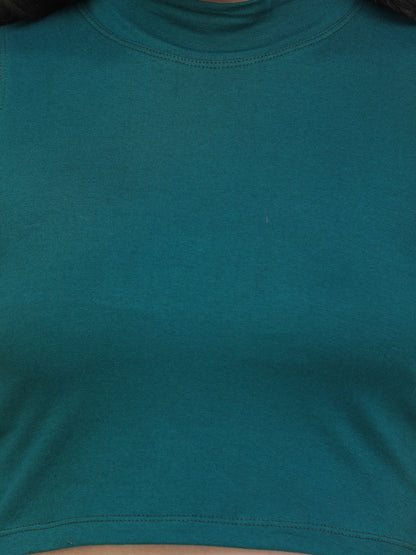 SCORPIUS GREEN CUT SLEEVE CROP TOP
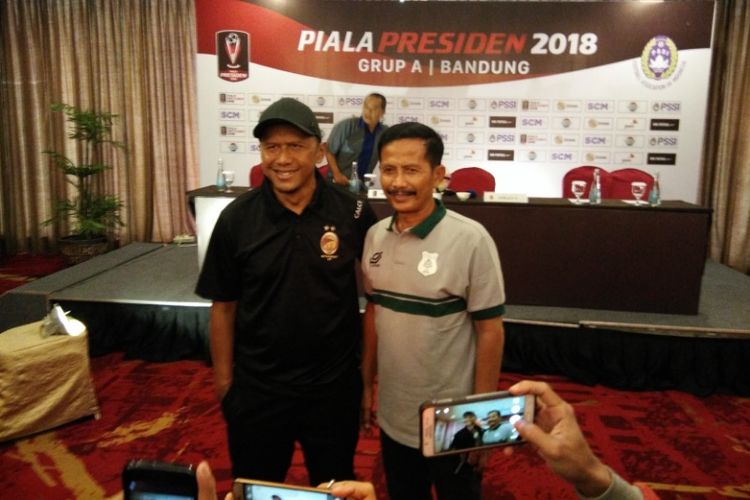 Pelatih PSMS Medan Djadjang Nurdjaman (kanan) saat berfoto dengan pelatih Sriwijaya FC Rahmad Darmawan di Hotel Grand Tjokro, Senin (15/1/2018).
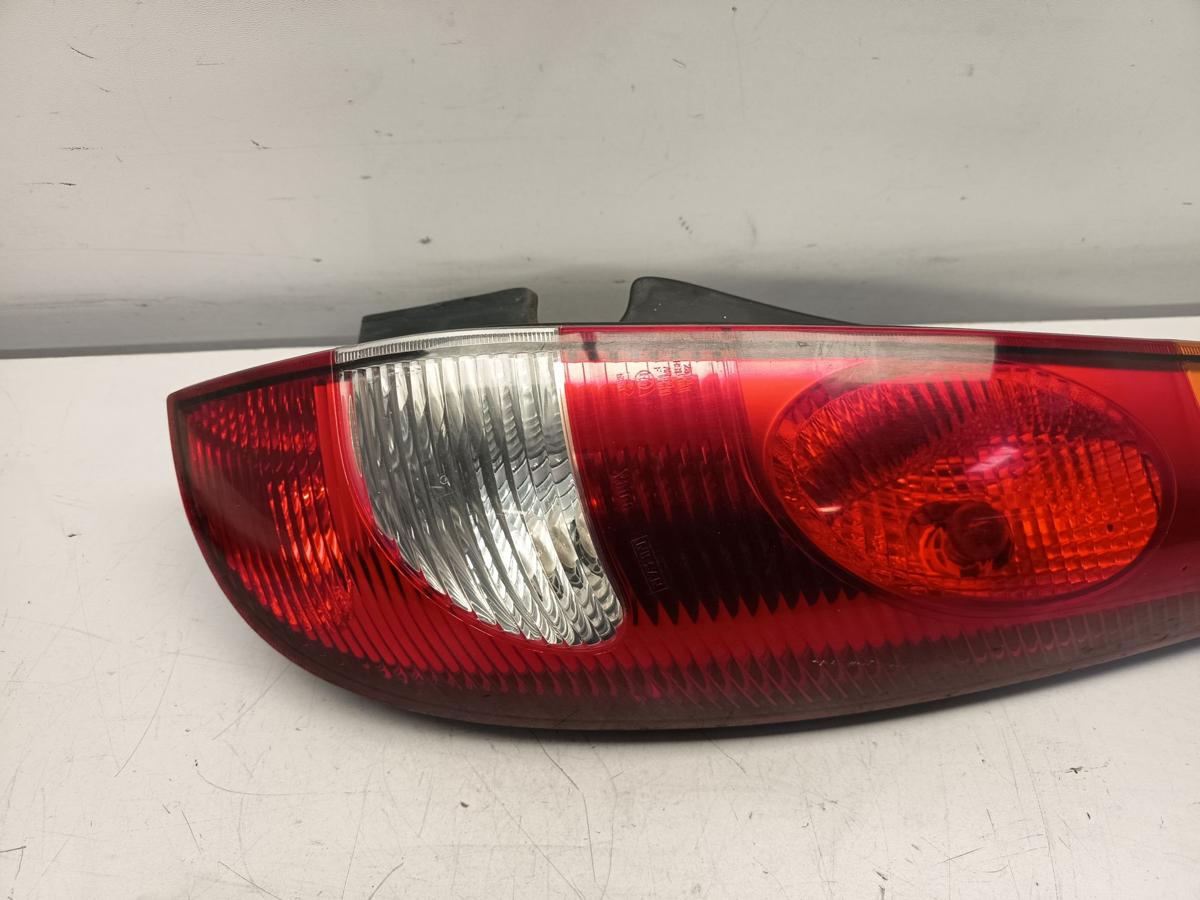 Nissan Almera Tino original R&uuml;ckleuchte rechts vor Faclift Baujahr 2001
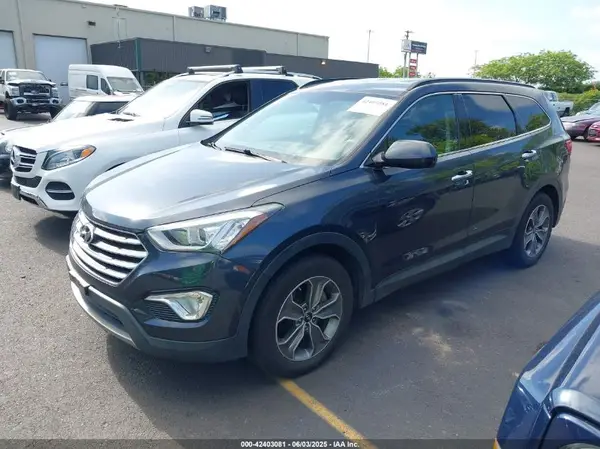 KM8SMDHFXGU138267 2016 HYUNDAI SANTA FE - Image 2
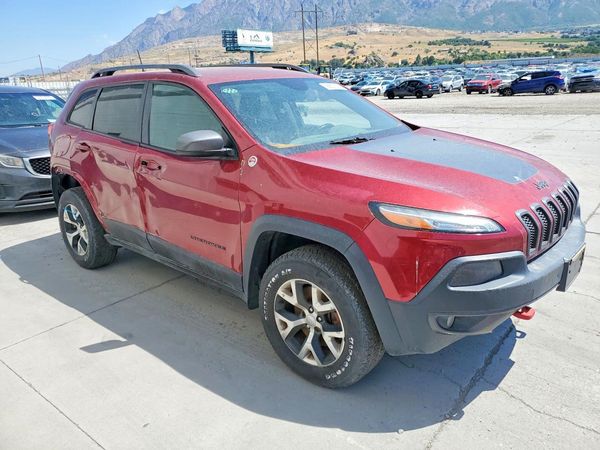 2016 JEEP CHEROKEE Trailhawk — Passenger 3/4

====

AIM OF THE EXERCISE: Only the pictures are to be left out; print everything else in the listing exactly.

YOUR RESPONSE:
 SCORPIUS GREEN CUT SLEEVE CROP TOP
 Pelatih PSMS Medan Djadjang Nurdjaman (kanan) saat berfoto dengan pelatih Sriwijaya FC Rahmad Darmawan di Hotel Grand Tjokro, Senin (15/1/2018).
 Nissan Almera Tino original R&uuml;ckleuchte rechts vor Faclift Baujahr 2001
 KM8SMDHFXGU138267 2016 HYUNDAI SANTA FE - Image 2
 2016 JEEP CHEROKEE Trailhawk — Passenger 3/4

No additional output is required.